Like a fire-ball, red, in the sea set the sun.
Then out on Penkenner—a leap, and they go,
Full five hundred feet to the ocean below.
In this memorable run, the fox went over the cliffs and the hounds after him; but Arscott and the rest of the hunters drew up, and though he lost his hounds, he did not lose his life. Penkenner is a magnificent and sheer cliff, west of St. Genny’s Church. A deep cleft is on one side, and Crackington Cove on the other. There was no possible escape for the fox. As to the “sons of the Blue” who were in this memorable run with Arscott, of Tetcott, opinions differ.

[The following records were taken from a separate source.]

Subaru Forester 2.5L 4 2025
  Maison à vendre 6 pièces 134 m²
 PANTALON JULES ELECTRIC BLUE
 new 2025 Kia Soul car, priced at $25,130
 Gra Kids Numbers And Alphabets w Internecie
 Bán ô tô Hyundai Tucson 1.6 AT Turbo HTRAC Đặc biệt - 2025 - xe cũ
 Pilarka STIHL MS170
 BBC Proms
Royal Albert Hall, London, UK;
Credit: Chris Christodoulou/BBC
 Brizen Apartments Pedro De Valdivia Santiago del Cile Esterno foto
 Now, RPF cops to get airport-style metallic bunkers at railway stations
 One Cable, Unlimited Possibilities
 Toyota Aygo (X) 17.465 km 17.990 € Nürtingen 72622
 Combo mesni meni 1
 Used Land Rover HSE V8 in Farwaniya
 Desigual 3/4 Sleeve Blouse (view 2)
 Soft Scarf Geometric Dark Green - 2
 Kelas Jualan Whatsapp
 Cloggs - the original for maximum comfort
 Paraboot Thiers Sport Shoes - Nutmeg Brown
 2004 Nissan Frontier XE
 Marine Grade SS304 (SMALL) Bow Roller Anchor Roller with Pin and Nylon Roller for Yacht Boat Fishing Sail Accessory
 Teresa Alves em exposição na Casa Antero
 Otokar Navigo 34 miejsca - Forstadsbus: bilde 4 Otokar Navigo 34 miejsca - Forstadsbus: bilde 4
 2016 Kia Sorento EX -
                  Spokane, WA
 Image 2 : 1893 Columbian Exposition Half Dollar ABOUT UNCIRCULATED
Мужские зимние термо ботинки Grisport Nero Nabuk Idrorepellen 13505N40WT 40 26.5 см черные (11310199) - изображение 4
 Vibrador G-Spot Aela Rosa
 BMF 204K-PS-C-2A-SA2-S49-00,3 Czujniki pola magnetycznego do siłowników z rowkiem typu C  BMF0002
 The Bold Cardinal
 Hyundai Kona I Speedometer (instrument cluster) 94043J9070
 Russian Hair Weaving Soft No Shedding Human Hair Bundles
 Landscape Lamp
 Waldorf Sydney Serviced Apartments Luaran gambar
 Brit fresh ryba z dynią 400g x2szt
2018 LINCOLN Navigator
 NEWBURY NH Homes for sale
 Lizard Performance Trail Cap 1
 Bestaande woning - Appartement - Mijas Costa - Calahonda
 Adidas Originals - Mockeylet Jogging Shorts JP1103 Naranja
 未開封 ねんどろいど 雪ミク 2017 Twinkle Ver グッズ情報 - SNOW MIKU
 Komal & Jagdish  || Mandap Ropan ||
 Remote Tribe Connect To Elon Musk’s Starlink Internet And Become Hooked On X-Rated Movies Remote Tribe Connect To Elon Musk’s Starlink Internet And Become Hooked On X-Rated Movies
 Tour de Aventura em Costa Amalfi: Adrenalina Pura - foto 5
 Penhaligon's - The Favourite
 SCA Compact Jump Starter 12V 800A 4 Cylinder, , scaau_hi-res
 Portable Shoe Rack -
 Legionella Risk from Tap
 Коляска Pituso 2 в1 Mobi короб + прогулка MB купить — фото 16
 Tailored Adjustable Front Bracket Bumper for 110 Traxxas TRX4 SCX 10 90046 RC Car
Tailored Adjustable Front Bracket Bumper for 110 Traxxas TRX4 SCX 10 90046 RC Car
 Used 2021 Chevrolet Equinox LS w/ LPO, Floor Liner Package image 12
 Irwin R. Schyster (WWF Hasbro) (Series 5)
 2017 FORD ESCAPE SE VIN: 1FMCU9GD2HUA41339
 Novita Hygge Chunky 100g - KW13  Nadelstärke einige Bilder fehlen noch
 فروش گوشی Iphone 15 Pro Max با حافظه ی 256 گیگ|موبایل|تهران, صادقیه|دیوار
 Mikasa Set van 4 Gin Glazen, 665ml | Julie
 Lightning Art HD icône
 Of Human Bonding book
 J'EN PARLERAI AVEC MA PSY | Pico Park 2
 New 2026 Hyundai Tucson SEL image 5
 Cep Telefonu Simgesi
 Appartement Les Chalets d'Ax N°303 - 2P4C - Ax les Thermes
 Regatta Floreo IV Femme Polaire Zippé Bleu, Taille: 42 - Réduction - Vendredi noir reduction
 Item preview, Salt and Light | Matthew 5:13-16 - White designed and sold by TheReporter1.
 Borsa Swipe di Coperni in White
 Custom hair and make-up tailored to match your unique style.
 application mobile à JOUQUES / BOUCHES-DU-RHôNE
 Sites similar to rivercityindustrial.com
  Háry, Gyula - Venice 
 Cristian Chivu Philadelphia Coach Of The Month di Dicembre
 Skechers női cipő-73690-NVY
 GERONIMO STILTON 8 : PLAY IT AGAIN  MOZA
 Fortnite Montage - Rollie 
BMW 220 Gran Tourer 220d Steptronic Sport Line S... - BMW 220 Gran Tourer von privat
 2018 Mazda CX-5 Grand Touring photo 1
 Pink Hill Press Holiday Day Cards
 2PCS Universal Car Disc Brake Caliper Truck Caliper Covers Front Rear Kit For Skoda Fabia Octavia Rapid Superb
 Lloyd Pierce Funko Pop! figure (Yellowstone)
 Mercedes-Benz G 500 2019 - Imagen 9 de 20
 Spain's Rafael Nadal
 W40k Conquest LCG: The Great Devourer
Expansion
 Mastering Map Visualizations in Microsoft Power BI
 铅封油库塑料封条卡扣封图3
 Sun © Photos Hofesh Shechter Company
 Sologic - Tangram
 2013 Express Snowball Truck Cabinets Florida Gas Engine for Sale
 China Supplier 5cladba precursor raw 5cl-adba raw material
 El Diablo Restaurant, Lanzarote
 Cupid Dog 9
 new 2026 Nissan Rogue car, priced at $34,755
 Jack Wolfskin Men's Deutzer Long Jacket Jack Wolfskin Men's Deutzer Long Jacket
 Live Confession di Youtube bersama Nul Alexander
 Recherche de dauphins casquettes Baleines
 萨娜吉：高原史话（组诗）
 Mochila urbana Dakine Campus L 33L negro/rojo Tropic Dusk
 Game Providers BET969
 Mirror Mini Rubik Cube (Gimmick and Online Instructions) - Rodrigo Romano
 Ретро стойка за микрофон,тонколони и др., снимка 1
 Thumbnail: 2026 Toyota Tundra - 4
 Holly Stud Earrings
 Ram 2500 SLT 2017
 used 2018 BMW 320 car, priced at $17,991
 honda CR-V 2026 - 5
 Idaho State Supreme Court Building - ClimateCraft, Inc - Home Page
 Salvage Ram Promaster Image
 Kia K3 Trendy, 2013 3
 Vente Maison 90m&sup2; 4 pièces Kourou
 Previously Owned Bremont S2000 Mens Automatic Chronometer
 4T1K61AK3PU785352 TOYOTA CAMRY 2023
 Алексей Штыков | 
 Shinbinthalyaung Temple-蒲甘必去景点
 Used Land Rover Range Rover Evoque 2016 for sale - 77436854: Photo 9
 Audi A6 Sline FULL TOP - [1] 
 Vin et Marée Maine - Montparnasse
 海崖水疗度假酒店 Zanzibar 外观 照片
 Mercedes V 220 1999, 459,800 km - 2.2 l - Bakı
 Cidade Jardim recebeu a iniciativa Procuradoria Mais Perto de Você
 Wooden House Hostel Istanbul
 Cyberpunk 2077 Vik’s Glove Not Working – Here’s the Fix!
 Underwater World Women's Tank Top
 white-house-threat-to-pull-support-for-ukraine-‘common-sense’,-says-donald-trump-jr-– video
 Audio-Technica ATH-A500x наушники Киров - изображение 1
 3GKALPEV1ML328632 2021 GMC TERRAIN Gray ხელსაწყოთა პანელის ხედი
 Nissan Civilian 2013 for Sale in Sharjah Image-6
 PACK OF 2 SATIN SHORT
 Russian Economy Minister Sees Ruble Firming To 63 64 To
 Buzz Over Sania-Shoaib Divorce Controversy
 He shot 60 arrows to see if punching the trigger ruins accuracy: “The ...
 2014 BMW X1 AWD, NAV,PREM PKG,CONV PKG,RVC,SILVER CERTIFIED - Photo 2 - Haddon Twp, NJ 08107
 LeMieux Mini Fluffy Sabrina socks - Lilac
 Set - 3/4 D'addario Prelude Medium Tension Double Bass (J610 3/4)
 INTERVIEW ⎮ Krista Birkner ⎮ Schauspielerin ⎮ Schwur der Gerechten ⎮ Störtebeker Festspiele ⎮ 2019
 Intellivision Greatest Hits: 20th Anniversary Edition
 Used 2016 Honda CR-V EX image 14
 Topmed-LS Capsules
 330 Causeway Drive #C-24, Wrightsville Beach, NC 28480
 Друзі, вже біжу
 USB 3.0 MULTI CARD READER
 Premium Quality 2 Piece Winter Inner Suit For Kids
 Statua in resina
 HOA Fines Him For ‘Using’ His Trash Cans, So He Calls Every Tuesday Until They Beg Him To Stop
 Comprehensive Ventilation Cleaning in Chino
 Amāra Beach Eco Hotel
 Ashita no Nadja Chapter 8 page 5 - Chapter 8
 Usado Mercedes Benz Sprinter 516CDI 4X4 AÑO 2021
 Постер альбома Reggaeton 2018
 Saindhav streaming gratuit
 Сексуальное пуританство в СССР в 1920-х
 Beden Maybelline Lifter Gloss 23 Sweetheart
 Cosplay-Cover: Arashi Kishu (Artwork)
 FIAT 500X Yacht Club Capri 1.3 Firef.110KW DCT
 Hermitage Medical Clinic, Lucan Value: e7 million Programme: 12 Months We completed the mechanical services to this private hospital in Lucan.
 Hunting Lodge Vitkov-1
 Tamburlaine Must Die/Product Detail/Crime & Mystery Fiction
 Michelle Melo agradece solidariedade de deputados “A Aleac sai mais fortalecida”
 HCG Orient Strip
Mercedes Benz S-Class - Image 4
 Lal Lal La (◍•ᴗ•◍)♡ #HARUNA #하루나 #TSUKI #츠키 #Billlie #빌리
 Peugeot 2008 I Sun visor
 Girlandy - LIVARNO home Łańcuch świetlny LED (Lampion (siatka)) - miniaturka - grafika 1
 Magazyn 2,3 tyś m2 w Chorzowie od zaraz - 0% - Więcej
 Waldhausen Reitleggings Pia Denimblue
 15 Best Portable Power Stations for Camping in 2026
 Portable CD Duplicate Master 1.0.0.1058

The versions of the ballad vary greatly. I have had a copy, written in 1820, with explanatory notes. The date of the song is sometimes set down as 1752, sometimes as 1772. The “sons of the Blue” are taken to have been Sir John Molesworth, of Pencarrow, Bart., William Morshead, of Blisland, and Braddon Clode, of Skisdon. But neither Sir John Molesworth nor Mr. Morshead was, as it happens, a naval man. If the date were either 1652 or 1672, it would fit an earlier John Arscott, of Tetcott, who died in 1708; and Sir John Molesworth of the period was Vice-Admiral of Cornwall; and the sons of the blue were his sons, Hender, Sparke, and John. The second John Molesworth married Jane, daughter of the elder John Arscott, in 1704. It seems probable, accordingly, that the ballad belonged originally to the earlier John Arscott, and that it was adapted a century later to the last John Arscott. The melody to which it is still sung at the rent-audit of the Molesworth estate at Tetcott is a very ancient one, which was employed by Tom D’Urfey, in his Pills to Purge Melancholy, 1719, for a song entitled “Dear Catholic Brother.” I have given it in my Songs of the West.
Since the death of Arscott, he still hunts.
When the full moon is shining as clear as the day,
John Arscott still hunteth the country, they say;
You may see him on Black-Bird, and hear in full cry,
The pack from Pencarrow to Dazzard go by.